Vale3 em forte queda: resultados decepcionam e geopolítica preocupa em 2026

VALE3 Cai em Forte Queda Após Divulgação de Resultados do Primeiro Trimestre de 2026
As ações da Vale3 apresentaram uma queda significativa nesta terça-feira, 29 de maio de 2026, após a divulgação do balanço financeiro referente ao primeiro trimestre do ano. No início da sessão, por volta das 10h45, os papéis da empresa registraram uma desvalorização de 4,9%, com a cotação em R$ 80,32.
Essa movimentação reflete a cautela do mercado em relação aos resultados apresentados pela mineradora, que, apesar de alguns avanços, não atenderam às expectativas dos investidores.
Pressão de Custos e Cenário Geopolítico
Apesar do aumento de 39% no lucro líquido, que representou uma reversão do prejuízo do trimestre anterior, e de um crescimento de 21% no Ebitda ajustado proforma, a preocupação com a pressão de custos se tornou o principal fator de influência. O cenário geopolítico, marcado pelo conflito entre os Estados Unidos e o Irã, intensificou essa apreensão, impactando diretamente a performance da empresa.
Analistas apontaram que a incerteza econômica global contribuiu para a revisão das projeções de crescimento.

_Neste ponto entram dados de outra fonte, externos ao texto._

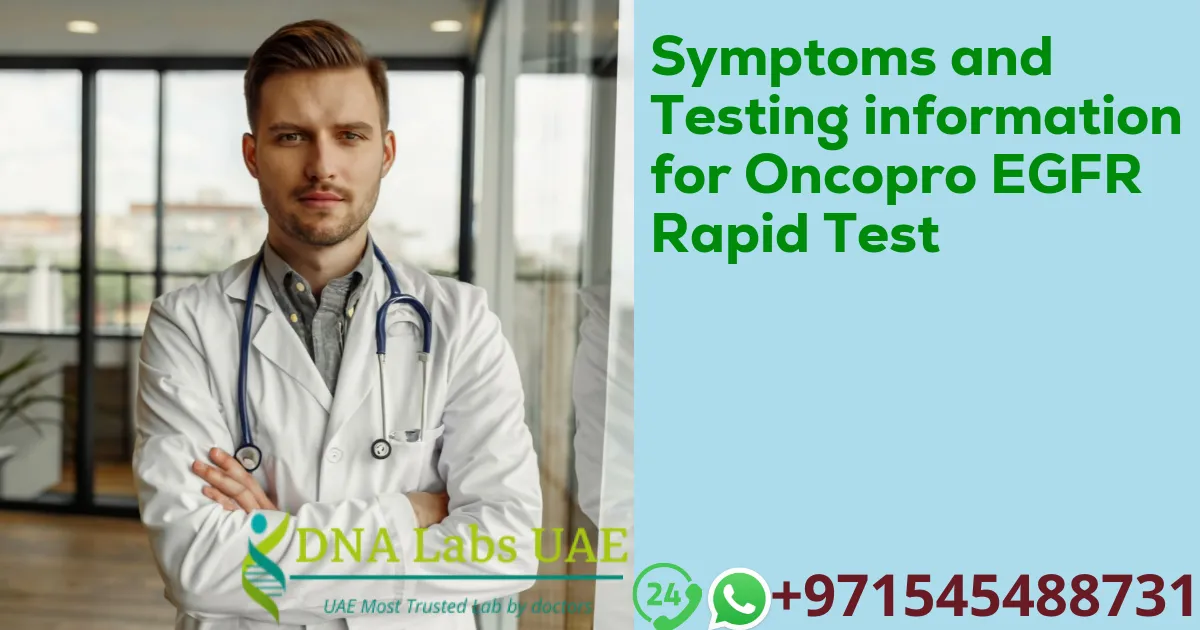 Symptoms and Testing information for Oncopro EGFR Rapid Test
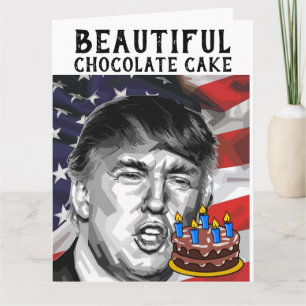 CARTÃO DE ANIVERSÁRIO DONALD TRUMP CHOCOLATE CAKE 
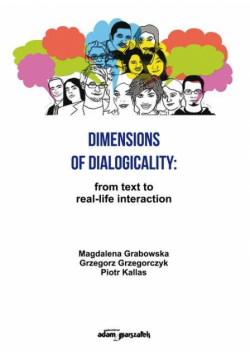 Dimensions of Dialogicality from Text to Real-Life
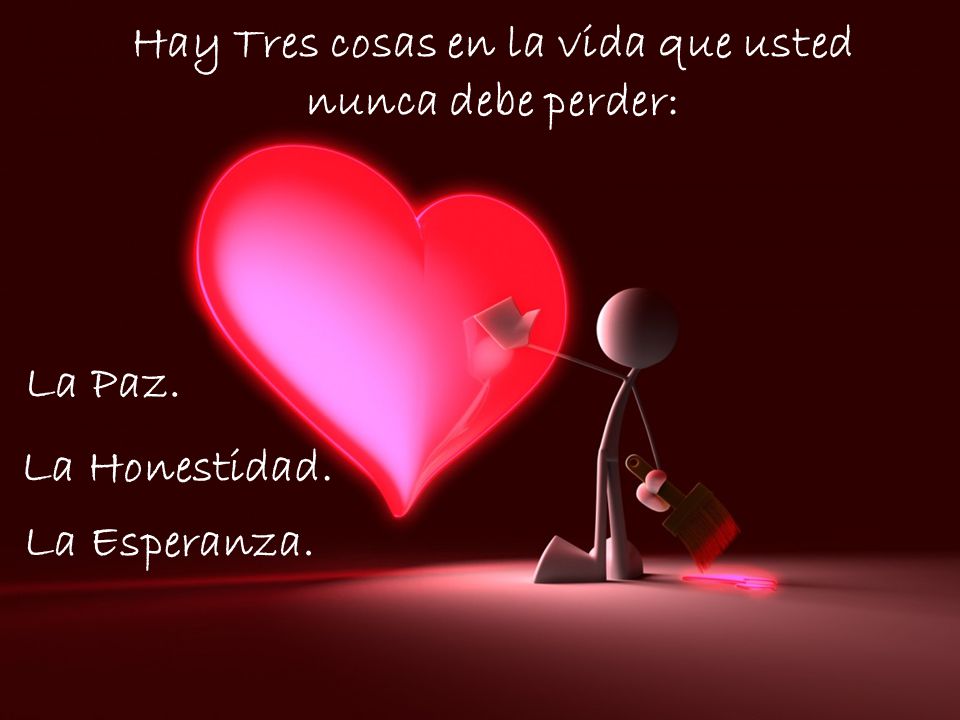 Hay Tres cosas en la vida que usted nunca debe perder:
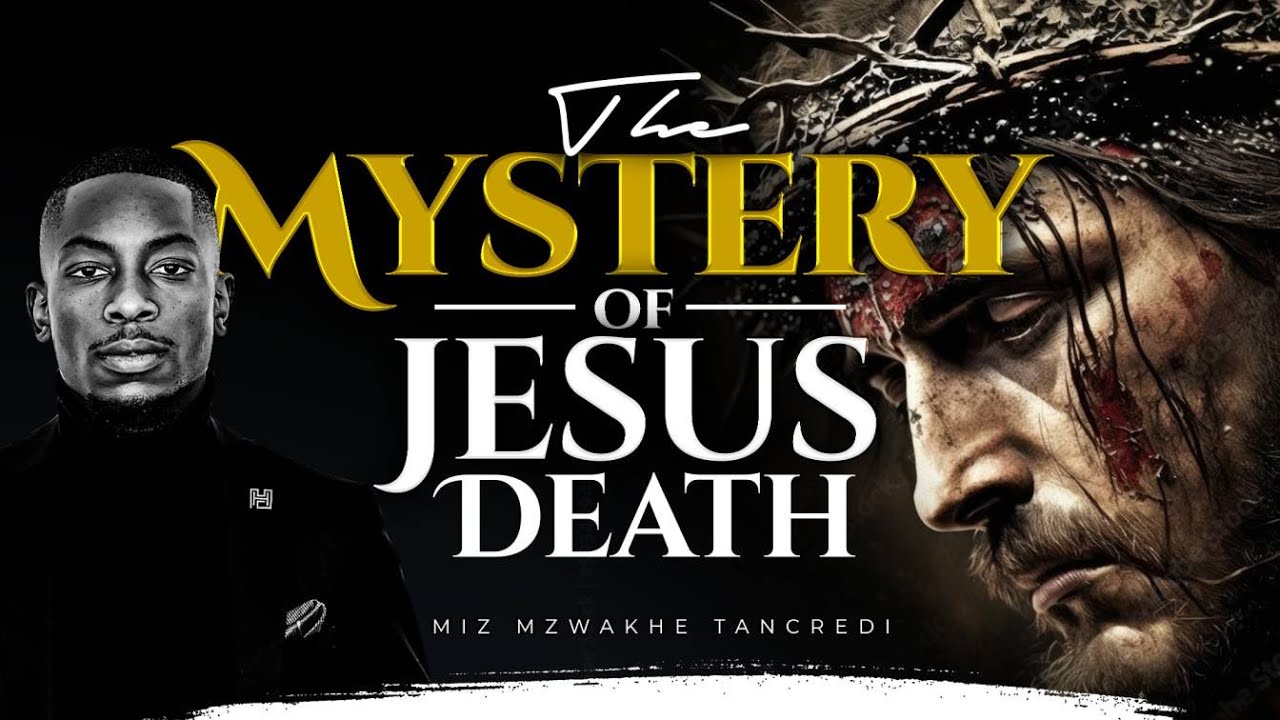 The Mystery of Jesus' Death | Miz Mzwakhe Tancredi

Ebitda Atinge Abaixo do Esperado
O Ebitda ajustado proforma alcançou US$ 3,9 bilhões, um aumento de 21% em relação ao mesmo período do ano anterior. No entanto, a margem de lucro foi de 42%, um pouco inferior ao que o mercado esperava. A XP Investimentos destacou que o Ebitda ficou cerca de 3% abaixo do consenso, o que gerou pressão sobre o valor das ações.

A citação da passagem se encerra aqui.